Things have improved in the cities since then I am sure, but for the people out there living in the country side, not much as changed.
Not literally no signal/service, right? More likely “I have a few bars but data doesn’t seem to work… calls often won’t initiate unless 911?” thing you get when there’s too many devices connecting to an overburdened tower, in a network that needs more cells or something, and QoS/qci says no?
If it’s a population center someone would probably have put up a tower on their land ll
Come to Munich, go into any of the large old buildings, the central stairwells usually are phone dead zones. Truly dead.
Or try to go and hike in the Alps. Shit service, but as soon as you walk into Austrian territory, you'll suddenly have service.
Or try taking a train from Munich to, say, Landshut. You'll lose signal about 5 minutes after the train passes through the outskirts of Feldmoching.
Or try driving a car on the A8 highway to Salzburg in Austria. You'll lose signal about 5-10 minutes after passing Holzkirchen.
Or try taking a train from Passau to Wels in Austria. Passau is directly near the border. You will have a shit service right until the train passes the national border and Austrian towers take over.
The reason isn't technical. The Passau and Alps example shows it - identical geography, identical mountainous areas with about zero population... but wildly different attitudes in regulation.
> If it’s a population center someone would probably have put up a tower on their land ll
Here, you get death threats if you even propose putting up a tower on your land [1], in the UK nutjobs set a 5G tower ablaze [2].
I stand corrected. I didn’t realize you could be a MIMBY for cell towers and also not currently have service.
Any organized resistance I’ve witnessed myself in the US has been something like an HOA saying no not tucked right here where our home values could take a hit or a view obstructed, please put it down the street or … anywhere else.
But if you had no cell service and your call dropped as you backed out of your garage or you tried to sell your house and the buyers phones suddenly had no service or they couldn’t get on the Internet at the open house, that’d feel like pretty concerning missing infrastructure.
> I don’t think anti-5G wackos have dented a thing.
They have, at least here in Germany. We have a shitload of what we call "weiße Flecken", zones with zero service, of about the size of half of Schleswig-Holstein [1]. While a lot of these is in forests and mountainous areas, the zones in settlements are mostly due to the whackos and their organized campaigns.
I have no phone signal in my village, a few miles from a major town. I have to use WiFi calling to talk on the phone. Our local politician campaigns against it, it is such an issue. Especially since analogue phone lines are due to be turned off soon. We still have a working red phone box though!

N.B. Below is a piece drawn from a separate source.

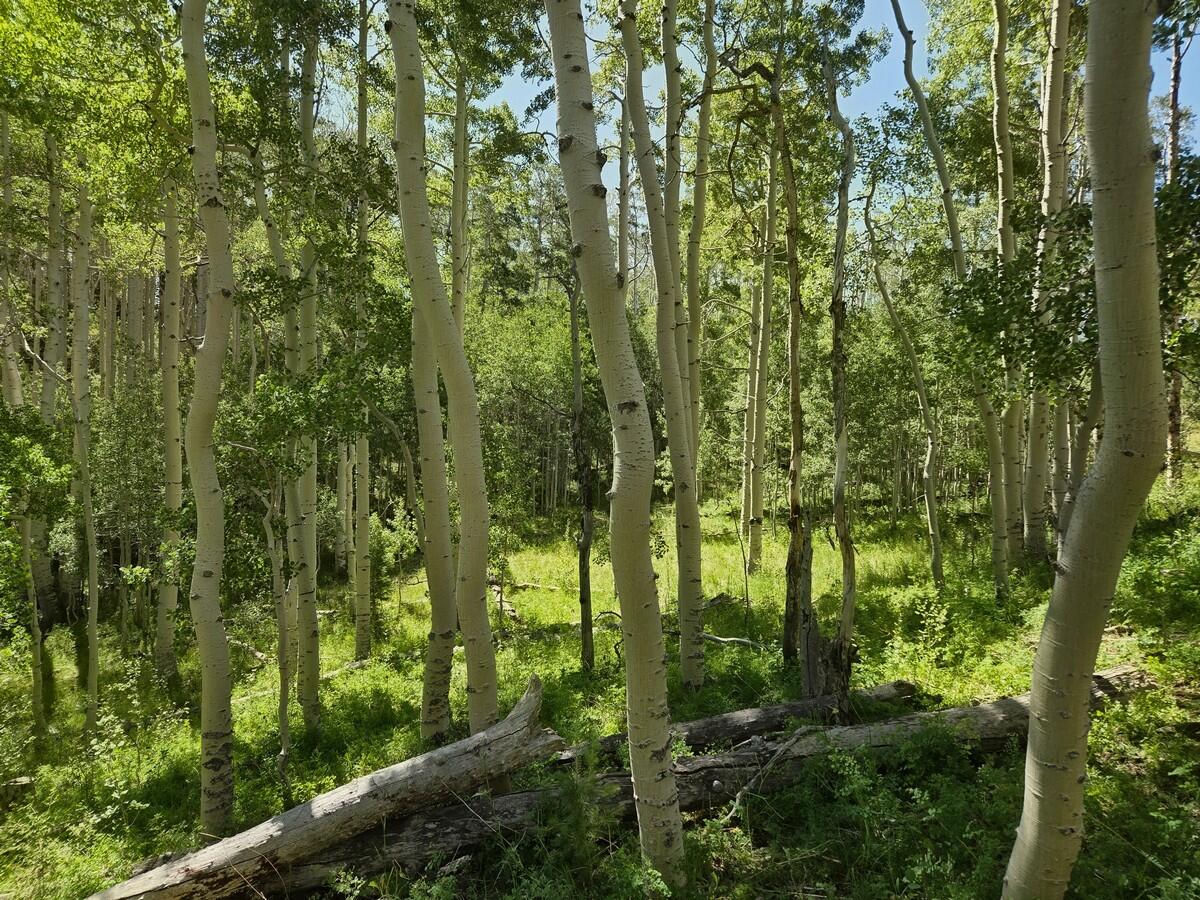 40 Acres Summit Mountain RD, Brian Head, photo 9 of 32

I travel around a bit in the area and blackspots are very common
In the context of “cheap mobile data devices are widely accessible” I don’t think the distinction matters. If you’re relying on your £1 sim to trigger your solar battery charger and it doesn’t, then it doesn’t matter if you technically had signal or not.
Communications and electricity aren't just luxury goods, they're also critical inputs to work. There are lots of anecdotes of one or both of these increasing income by substantially more than their costs.
The solar+battery revolution is doing for power what cell phones did for communications in the third world in the 90's and 2000's.